El pontífice dio a conocer este viernes 13 de febrero su tradicional mensaje previo al inicio del tiempo litúrgico que antecede a la Semana Santa, donde además de invitar a la abstinencia y a la sobriedad, pidió un compromiso concreto con la forma en que nos comunicamos.
Más que comida: un ayuno del lenguaje
En su mensaje, León XIV subrayó que la Cuaresma no debe limitarse a la privación de alimentos, sino que puede incluir otras formas de sacrificio orientadas a transformar la vida cotidiana.
“Una forma de abstinencia muy concreta y a menudo poco apreciada es la de abstenerse de utilizar palabras que afectan y lastiman a nuestro prójimo”, expresó el pontífice.
El líder de la Iglesia católica llamó a “desarmar el lenguaje”, renunciando a expresiones hirientes, juicios inmediatos y calumnias.
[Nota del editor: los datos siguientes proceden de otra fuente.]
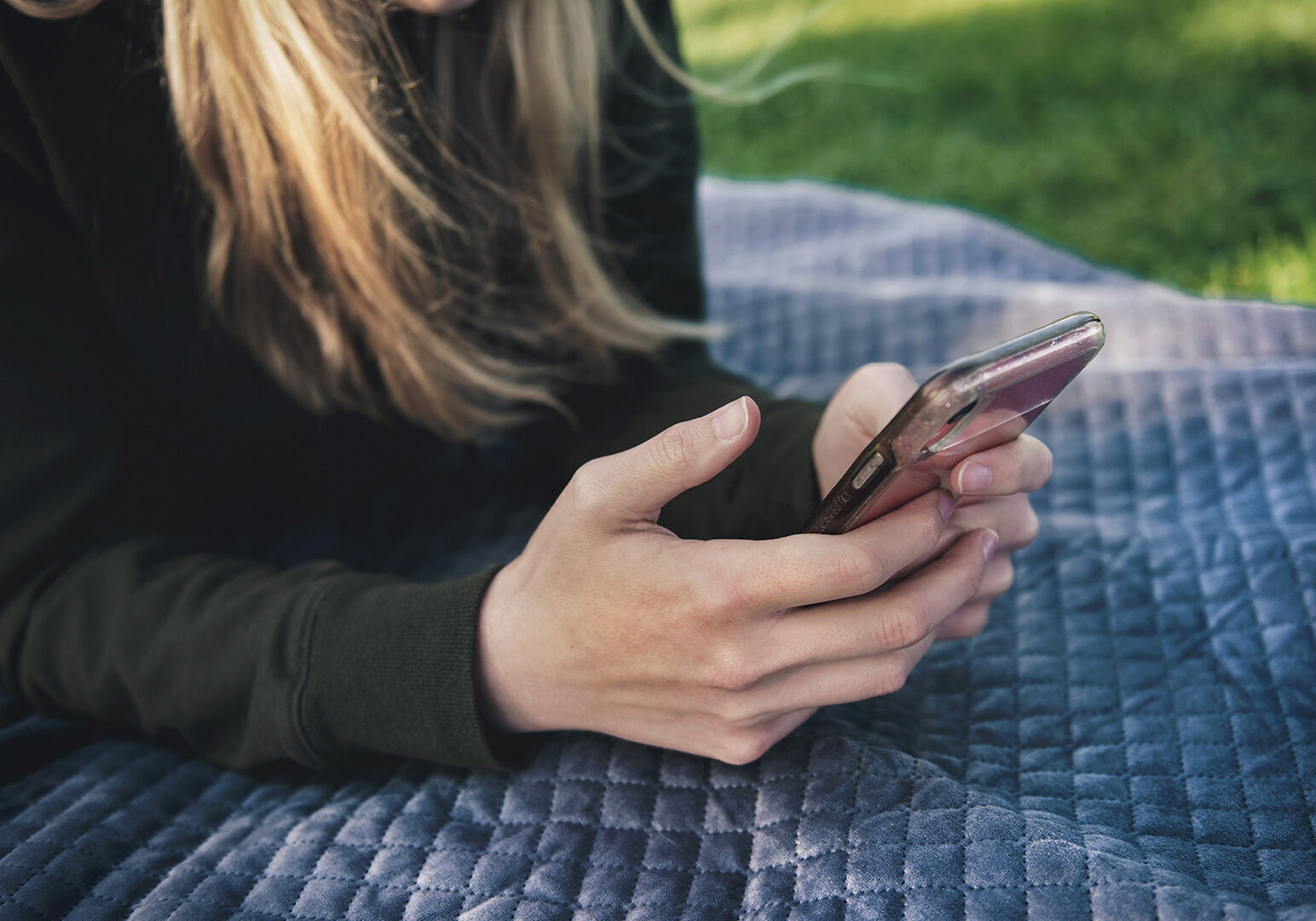 woman-holding-phone-outside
También pidió evitar hablar mal de quienes no están presentes y no pueden defenderse.
El reto: familia, política y redes sociales
El mensaje fue claro y directo: el cambio debe comenzar en los espacios más cercanos.
El Papa invitó a medir las palabras y cultivar la amabilidad en la familia, entre amigos, en el trabajo, en redes sociales, en debates políticos, en medios de comunicación y dentro de las comunidades cristianas.
En un contexto global marcado por la polarización y la confrontación constante en plataformas digitales, el llamado cobra especial relevancia.
“Muchas palabras de odio darán paso a palabras de esperanza y paz”, aseguró.
Una Cuaresma para escuchar
Además del llamado a moderar el lenguaje, el pontífice pidió vivir este tiempo litúrgico con mayor apertura espiritual y sensibilidad hacia los demás.
Señaló que espera una Cuaresma que haga “más atento nuestro oído a Dios y a los más necesitados”, y pidió fuerza para que el ayuno también alcance a la lengua, disminuyendo las palabras que hieren y ampliando el espacio para la voz de los demás.
Finalmente, exhortó a que las comunidades cristianas se conviertan en espacios donde el sufrimiento encuentre acogida y donde la escucha activa abra caminos de liberación.
Un mensaje con eco global
El llamado de León XIV no sólo interpela a los creyentes, sino que se inserta en un debate más amplio sobre el impacto del lenguaje en la convivencia social.
En tiempos donde la comunicación digital amplifica discursos de odio y desinformación, la propuesta de un “ayuno” verbal se presenta como una invitación a recuperar el diálogo respetuoso y la empatía.
La Cuaresma 2026, de acuerdo con el mensaje papal, podría convertirse en una oportunidad para reflexionar no sólo sobre lo que se consume, sino también sobre lo que se dice.